RECORDS PROVIDED:
:::

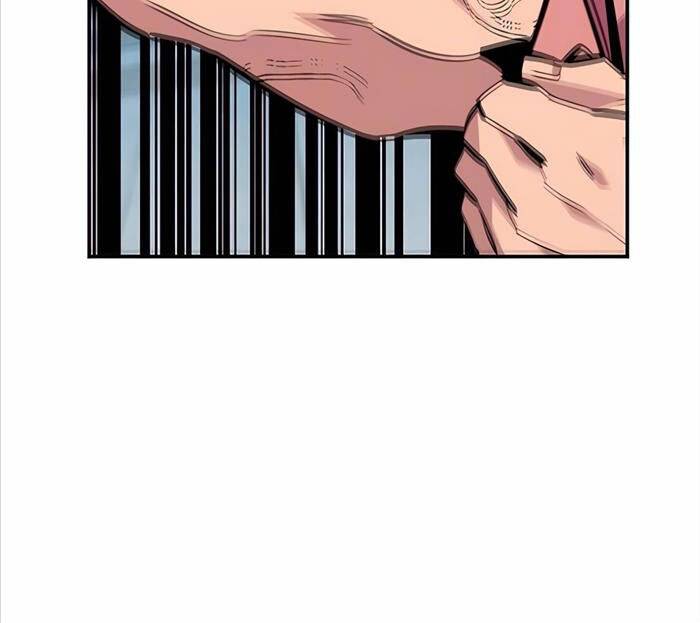 đi Săn Tự động Bằng Phân Thân Chap 114 - Next Chap 115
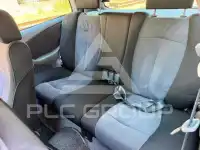 1997 Fiat Bravo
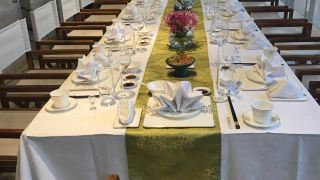 gaiety-valley-yunlin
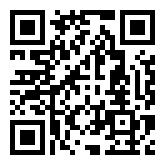 https://www.boguzj.com/article/23547.html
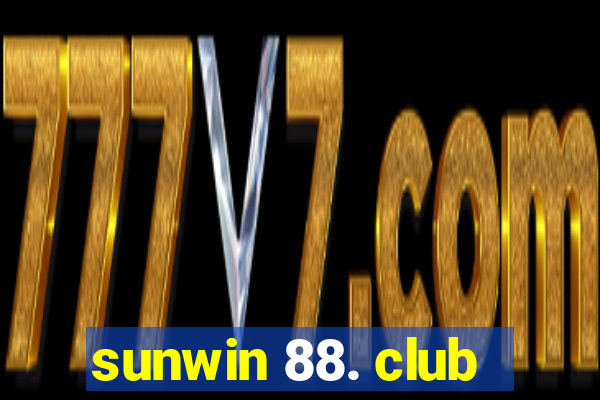 sunwin 88. club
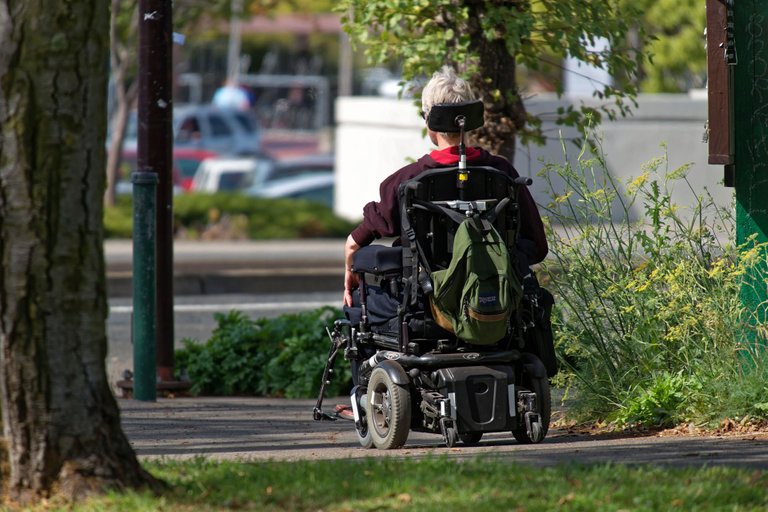 motorized-wheelchair-gf6260d7f5_1920.jpg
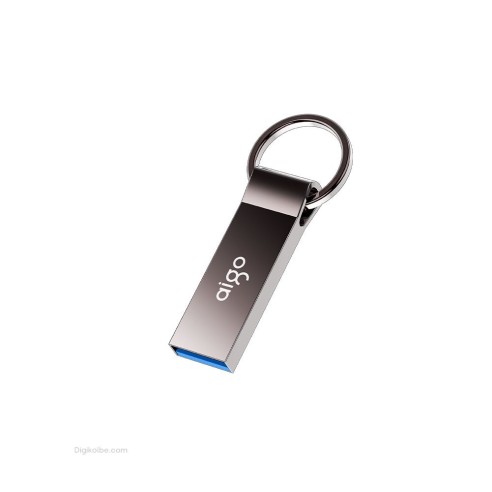 فلش U310pro ایگو 32 گیگابایت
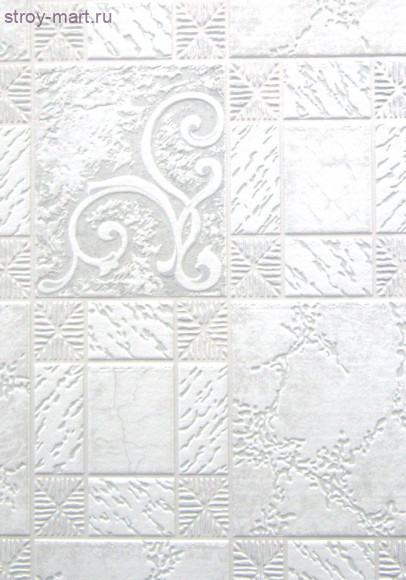 Обои Ceramica серия 1365-6 (10*0.53) 12рул/уп - С-000066974 Обои Ceramica серия 1365-6 (10*0.53) 12рул/уп - С-000066974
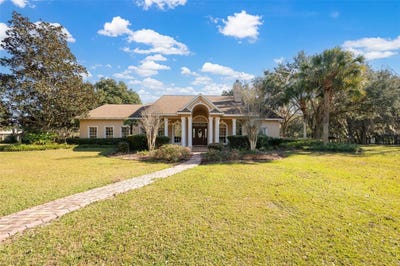 /international/us/11715-nw-90th-avenue-reddick-fl-110104161154/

:::

EXERCISE GOAL: Return each line above exactly; any pictures are to be skipped.

SOLUTION FOR THIS PROBLEM:
 đi Săn Tự động Bằng Phân Thân Chap 114 - Next Chap 115
 1997 Fiat Bravo
 gaiety-valley-yunlin
 https://www.boguzj.com/article/23547.html
 sunwin 88. club
 motorized-wheelchair-gf6260d7f5_1920.jpg
 فلش U310pro ایگو 32 گیگابایت
 Обои Ceramica серия 1365-6 (10*0.53) 12рул/уп - С-000066974 Обои Ceramica серия 1365-6 (10*0.53) 12рул/уп - С-000066974
 /international/us/11715-nw-90th-avenue-reddick-fl-110104161154/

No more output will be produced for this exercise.